On Sep 9, 8:27 am, Scott Frye <
scottf3...@aol.com> wrote:
> ... this paper was a lot harder to understand
> than the last one. I was lost on a lot of the details.
Don't feel bad. I don't think that it was necessarily well expressed,
especially at the beginning.
Hopefully, I can clear up some of these issues.
> Here are some questions to stimulate discussion:
> -What is the difference between a parser and a POS tagger?
A parser constructs a grammatical structure for a sentence. A part of
speech (POS) tagger just labels individual words with what grammatical
role they are playing in a very general sense without reference to the
structure of the sentence or phrase.
For example, in "the red horse cart", a part of speech tagger would
tell us that "red" is serving as an adjective and that "horse" and
"cart" are nouns. Most POS taggers would not tell us that horse-cart
is a noun compound, nor that red probably applies to the cart (or
perhaps to the horse-cart compound), not the horse.

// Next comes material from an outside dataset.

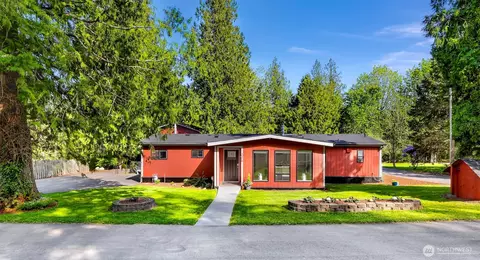 2376 Forest View Dr, Bellingham, WA 98229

A parser, on the other hand would give us structure such as
[NounPhrase [Article "the"] [AdjectivalPhrase "red" [NounCompound
[Noun "horse"] [Noun "cart"]]]. Don't hold me to any high standards
on the actual labels that I use here; real grammarians tend to use
much more fine-grained distinctions. My labels here are just made up
to help explain the concepts.
> -The authors say this parser is based on a probabalistic generative
> model. What is this exactly?
A generative model is one that specifies a complete joint conditional
probability of the observable and hidden variables conditional on any
parameters of the model. Typically, it is phrased in terms of sub-
models that describe a simpler (more restricted) conditional
structure. This is very helpful in many inference problems where we
want to know what the hidden variables are. A non-generative model
would just tell us the probability of the observations without telling
us about the hidden variables. If there are no hidden variables, then
the two are equivalent.
To be more explicit, the generative model used in Latent Dirichlet
Allocation is very nice and clear. It supposes that a creator of text
has a small number of topics on which they can speak. When creating a
document, the text creator has in mind a distribution of topics for
the document. They then pick a document length. Then they generate
words, one at a time until the document has the required length. To
generate a word, they pick a topic from the document topic
distribution. Each topic has a distribution of words. The text
creator then uses the topic of the word to pick a specific word from
the topic's word distribution.
In this model, the parameters are:
a) the distribution of document topic distributions
b) the word probabilities for each topic
c) the parameters of the length model
The hidden variables are:
a) the topic distribution for each document
b) the specific topic for each word
The observed variables are:
a) the length of each document
b) the words in the document.
> -What is the difference between a tag, a label and a head?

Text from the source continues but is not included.